What you will do: The copy you return should hold every record below word for word and no images.

Data supplied:
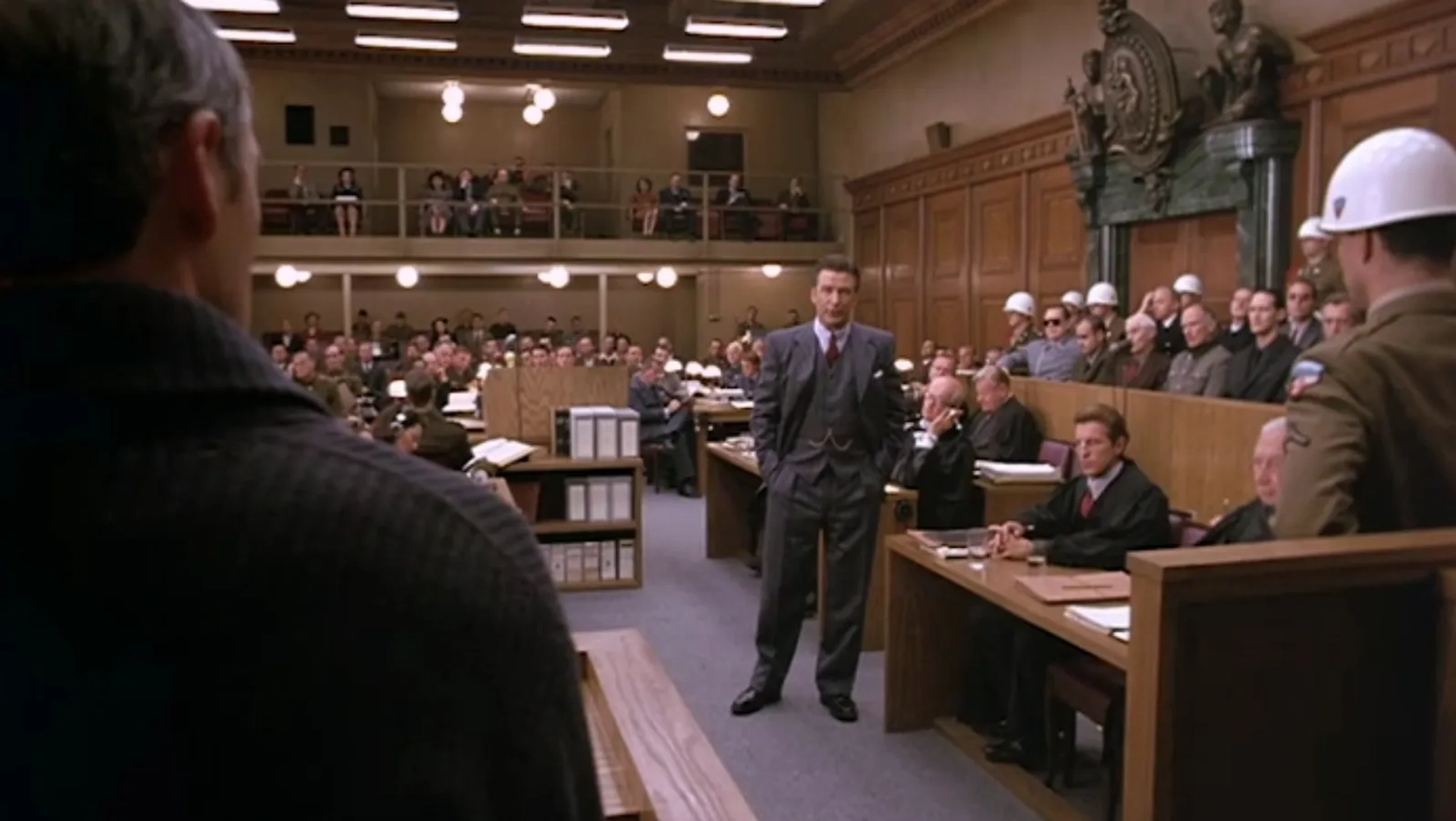 Alec Baldwin in Nuremberg (2000)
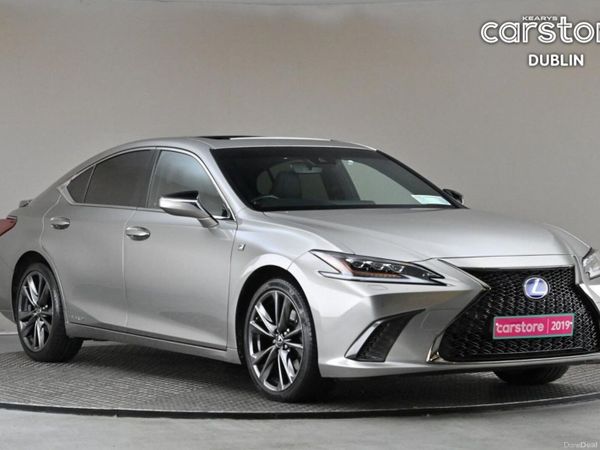 Lexus ES Saloon, Petrol Hybrid, 2019, Grey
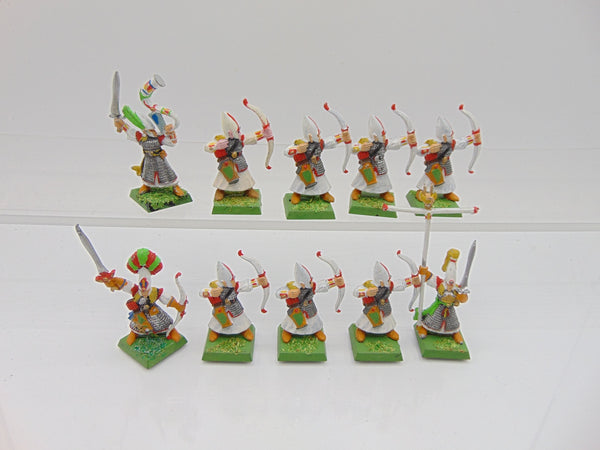 High Elf Archers with Command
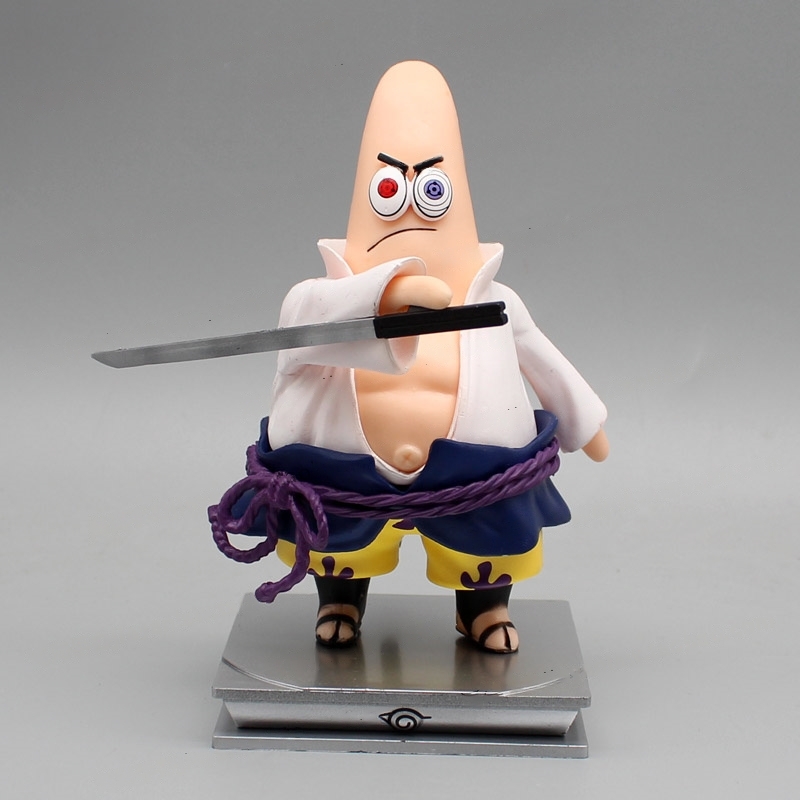 Mô hình Bọt Biển Naruto siêu chất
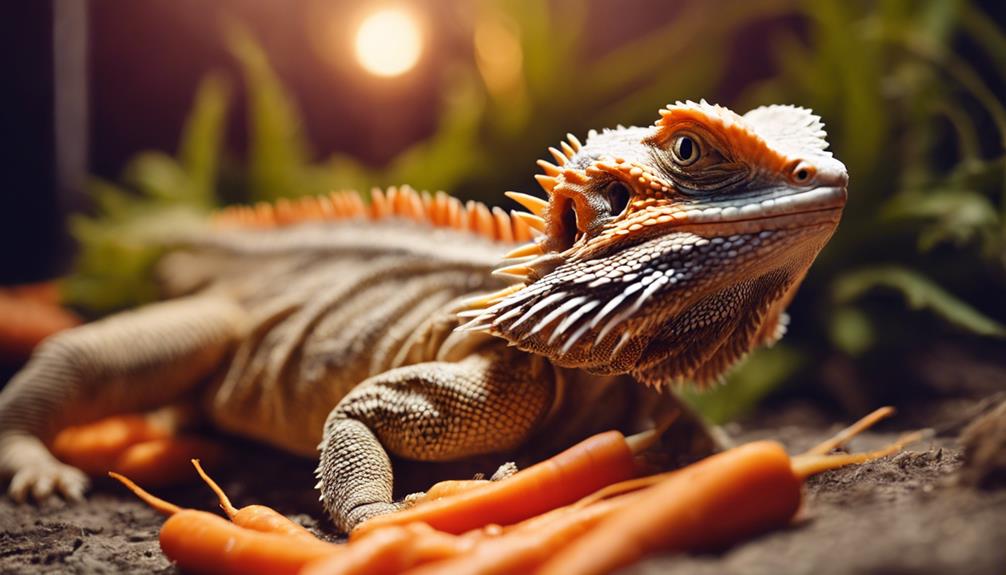 bearded dragons and carrots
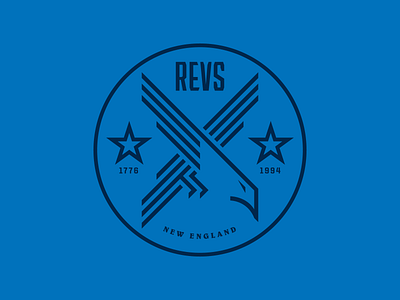 New England Revolution Logo Concept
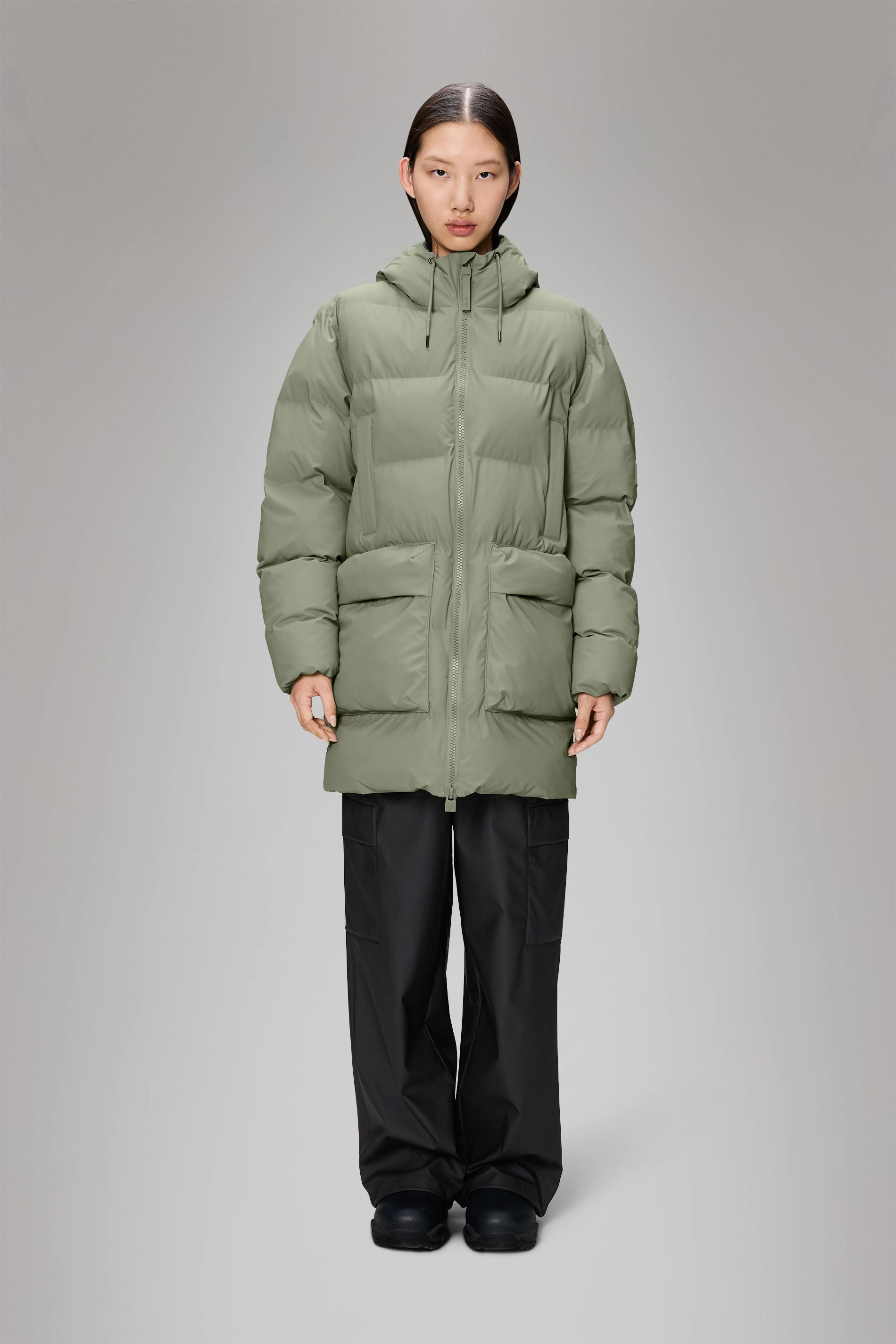 Alta Long Puffer Cargo Jacket Fashion Event Comfy Fit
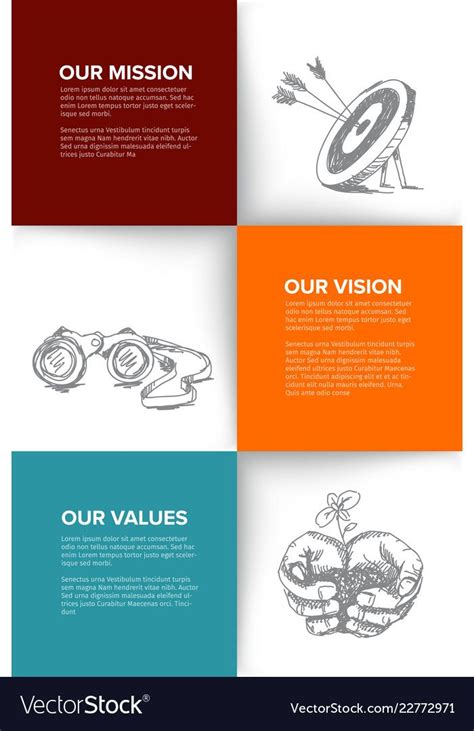 company profile template  mission vision  values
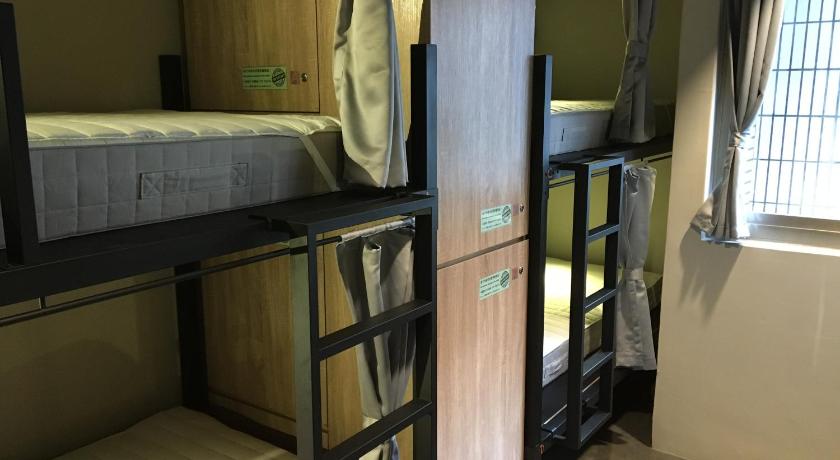 Image of Single Bed in Female Dormitory Room 3
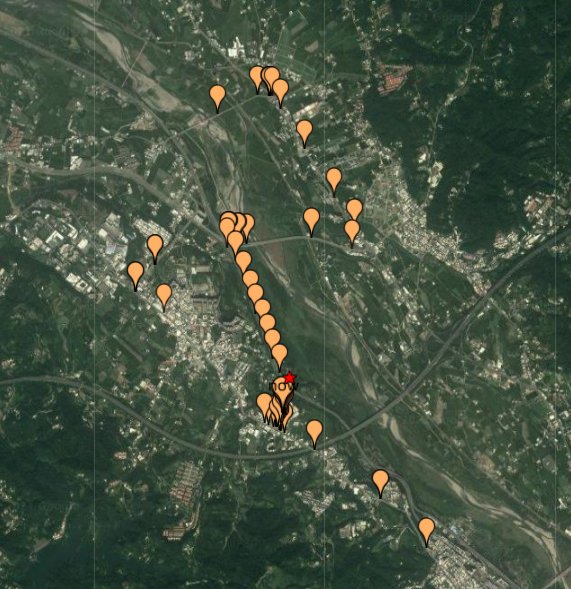JT_IoT's tweet photo. LoRawan Tracker TX High power testing positioning
#LoRawan 
#helium 
#TTN https://t.co/7r8fDyPAWi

Answer for this exercise:
 Alec Baldwin in Nuremberg (2000)
 Lexus ES Saloon, Petrol Hybrid, 2019, Grey
 High Elf Archers with Command
 Mô hình Bọt Biển Naruto siêu chất
 bearded dragons and carrots
 New England Revolution Logo Concept
 Alta Long Puffer Cargo Jacket Fashion Event Comfy Fit
 company profile template  mission vision  values
 Image of Single Bed in Female Dormitory Room 3
JT_IoT's tweet photo. LoRawan Tracker TX High power testing positioning
#LoRawan 
#helium 
#TTN https://t.co/7r8fDyPAWi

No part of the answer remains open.